In the face of the danger that small island nations are faced with, the two Articles fail to set time-bound on industrialized nations, which President Museveni pointed out that they produce 86 per cent of greenhouse gases that cause global warming, to reduce the emission of these gases and put into effect the Kyoto Protocol. The question is how does one adapt to sea level rise, by building taller buildings? And what would one do for land that is necessary for human survival?

Article 37d instead puts pressure on developing countries "Improve access by developing countries to affordable, accessible, cost-effective, safe and environmentally sound alternatives to ozone-depleting substances by 2010, and assist them in complying with the phase-out schedule under the Montreal Protocol, bearing in mind that ozone depletion and climate change are scientifically and technically interrelated." This Article gives an impression that the developing countries are culprits as far as ozone-depleting is concerned.

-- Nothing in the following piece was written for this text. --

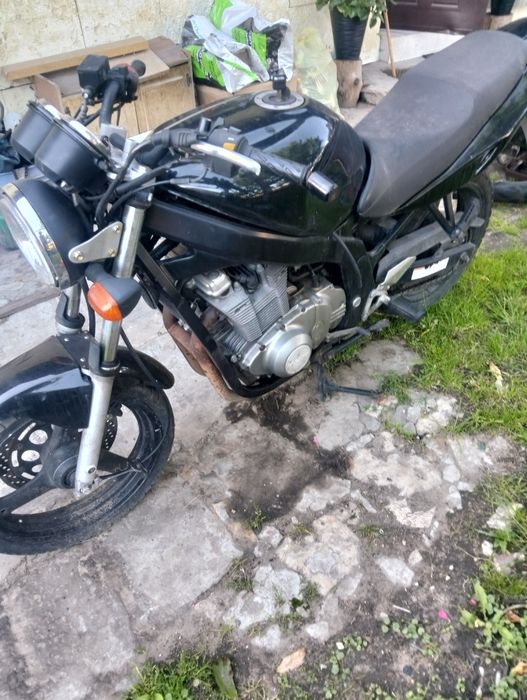 Suzuki GS 500 silnik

What the North and South, agreed upon was the need for partnership like NEPAD. Almost everybody in the West supported it. However, there are reservations with regard to NEPAD from activists in Africa. They see it as a way of colonisation in which the countries of Africa will still have to go back to the countries in the North to beg for money. According to Kalibwani, NEPAD has already asked for US$40 billion from the West to kick-start the initiative. Kalibwani said to show that the initiative will stand by itself and benefit Africa, NEPAD should have raised at least US$20 billion and asked for only US$40 billion.

The other burning issue that might subject NEPAD to the arm-twisting of the West is the question of democracy in individual countries. There has been too much emphasis put on good governance and rule of law at the World Summit on Sustainable Development with the West making it clear that sustainable development cannot be achieved without the two. This undoubtedly means that African Union will be pressurized to ensure that there is both democracy and rule of law before the entire budget is released or it might come with some strings attached to it.

Whether the leaders of the world, especially Africa, will implement successfully the 2002 World Summit Plan of Implementation or whether NEPAD will relieve the sufferings of Africa remains to be seen. So far, activists blame African leaders for the continent's problems. In his article George Ayittey said: "Why is Africa in this state? 'Externalists' ascribe Africa's woes to factors beyond its control: Western colonialism and imperialism, the slave trade, racist plots, avaricious multinationals, an unjust international economic system, inadequate flows of foreign aid and deteriorating terms of trade. 'Internalists' blame local system of governance: excessive state intervention and corruption at all levels, from the police and judiciary to the highest branches.

Already the South African President is alleged to have spent US$50 million to purchase a new jet and upgrade an old one. But Mbeki is not the only leader in this region faced with famine or is said to have spent millions on comfort. King Mswati II of Swaziland is said to have forked out US$35 million to buy a jet as well. The question is, if these allegations are true, how much will the US$60 billion requested by NEPAD be put in use to develop Africa?